Although Pierce told the House Government Operations subcommittee on May 25 that he was not a "hands-on" manager, he frequently issued instructions as to what interviews HUD officials could grant and even wrote words of caution about allowing a reporter from a trade publication to question an agency official on Federal Housing Administration financing.
"OK--But tell him to be very careful--I may change some of the decisions made by FHA on this subject matter," he wrote in a note signed with his initials, SRP, to HUD public affairs official Bob Nipp, who had asked on May 20, 1988, for permission to schedule a brief interview.
Stung by a highly critical April, 1983, Wall Street Journal article about his stewardship of HUD, Pierce fired off to then-Vice President George Bush a 10-page, single-spaced rebuttal prepared by Leonard Burchman, who was Pierce's assistant secretary for public affairs. The memo, entitled "The Anatomy of a Hatchet Job," was sent to HUD's principal staff members and regional administrators.
Despite his long involvement with government--dating to the Dwight D. Eisenhower Administration--and his familiarity with the media, Pierce has been having difficulties in both areas in recent weeks.
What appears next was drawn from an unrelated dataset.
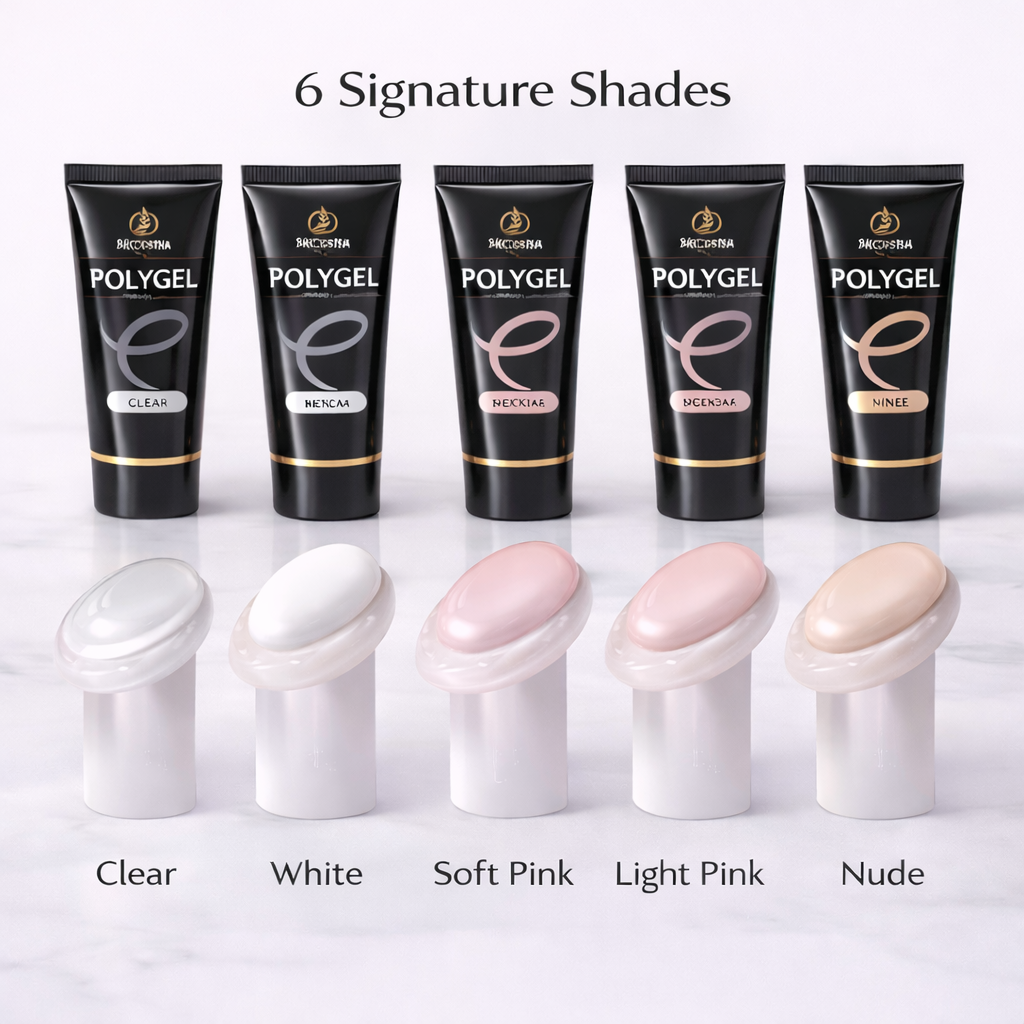 Polygel Sculpt Signature Kit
It was surprising to many, for example, that the former HUD secretary, who had served as a House subcommittee counsel in the 1950s, appeared before the May subcommittee hearing without bringing along a lawyer. And some of his answers to questions, such as agreeing that he was not a "hands-on" manager, seemed injudicious to some former HUD associates.
Pierce, who was Reagan's longest-serving Cabinet member, has also demonstrated little knack for dealing with the media since the controversy began. Until an interview with The Times last week, Pierce had remained silent in the face of the press barrage--despite suggestions by close associates that he discuss his perspective on the situation.
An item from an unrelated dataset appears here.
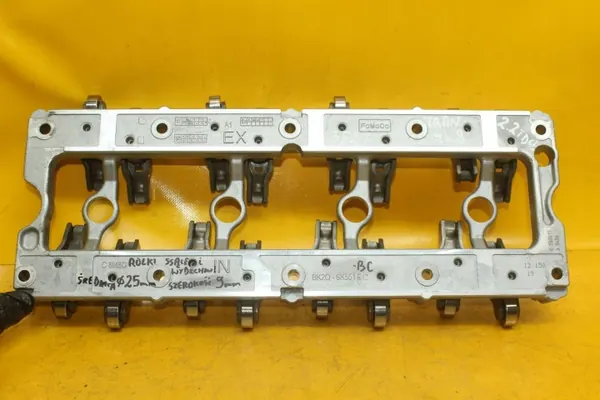 Sleutelhanger OEM BK2Q6K551BC voor Ford Transit MK8 image 7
In contrast, former HUD official Thomas T. Demery hired a prominent public relations firm and, many Pierce associates believe, helped steer the congressional inquiry away from himself.
Battering in Press
Yet Pierce remains keenly aware of the battering he has been taking in the press. He said last week that he reads at least three newspapers every day and is looking forward to his second appearance before the subcommittee, scheduled for Sept. 15. Pierce said he plans to be accompanied by a lawyer this time.
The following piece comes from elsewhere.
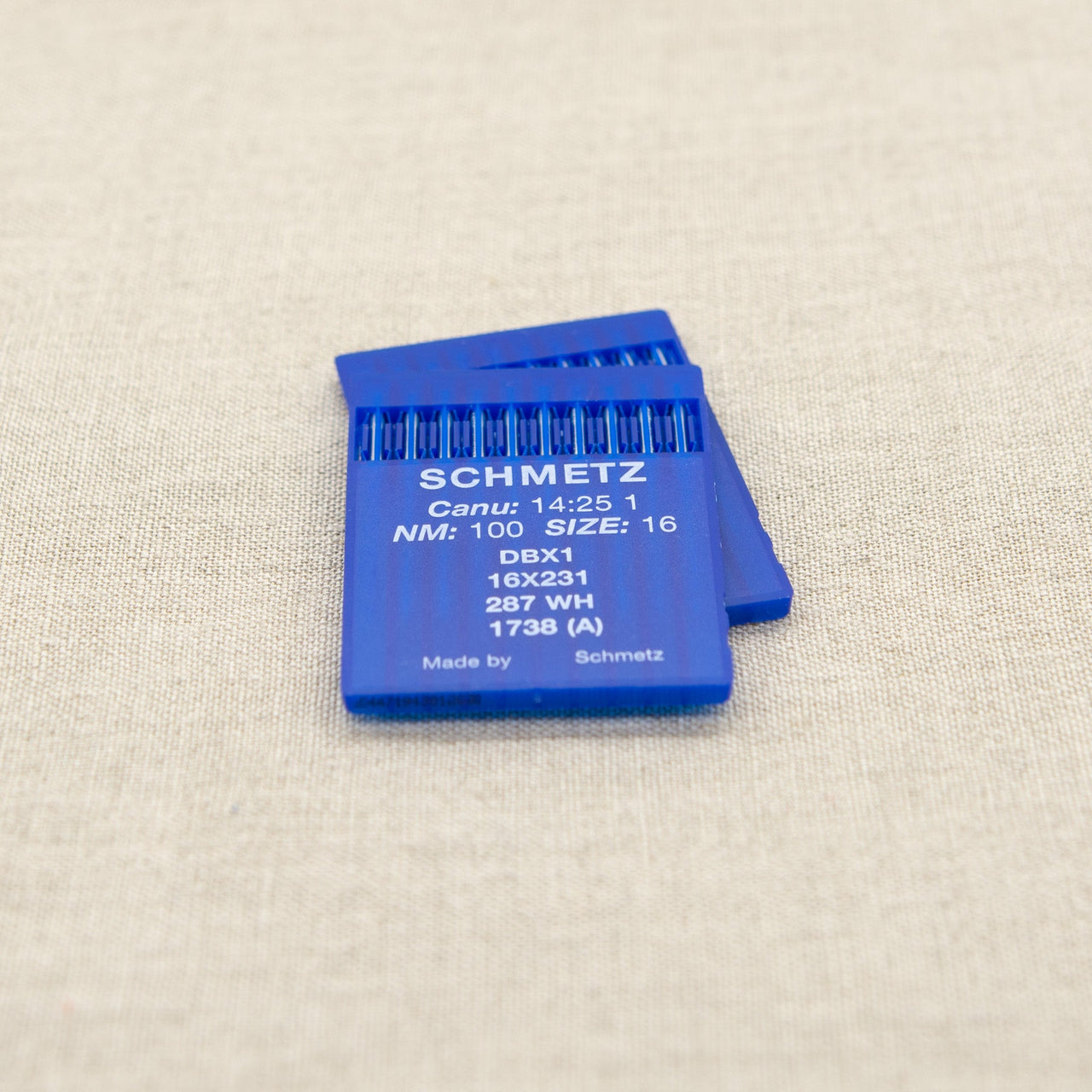 Lockstitch Industrial Machine Needles - Schmetz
Some of Pierce's former associates have proposed organizing a campaign among civil rights leaders to speak out in his defense, but the idea has not gone beyond discussions.
The percentage of black and female employees at HUD increased under Pierce, and his fight for fair housing laws remains one of the highlights of his eight years at the agency. The Fair Housing Amendments Act of 1988, which Pierce supported vigorously, made it easier for victims of discrimination to sue and stiffened penalties for violators.
"During my time, we got way more blacks involved with HUD as independent contractors, too," Pierce said last week. "A lot of blacks got business, and we certainly didn't ask them were they Republican, Democrat, liberal or what."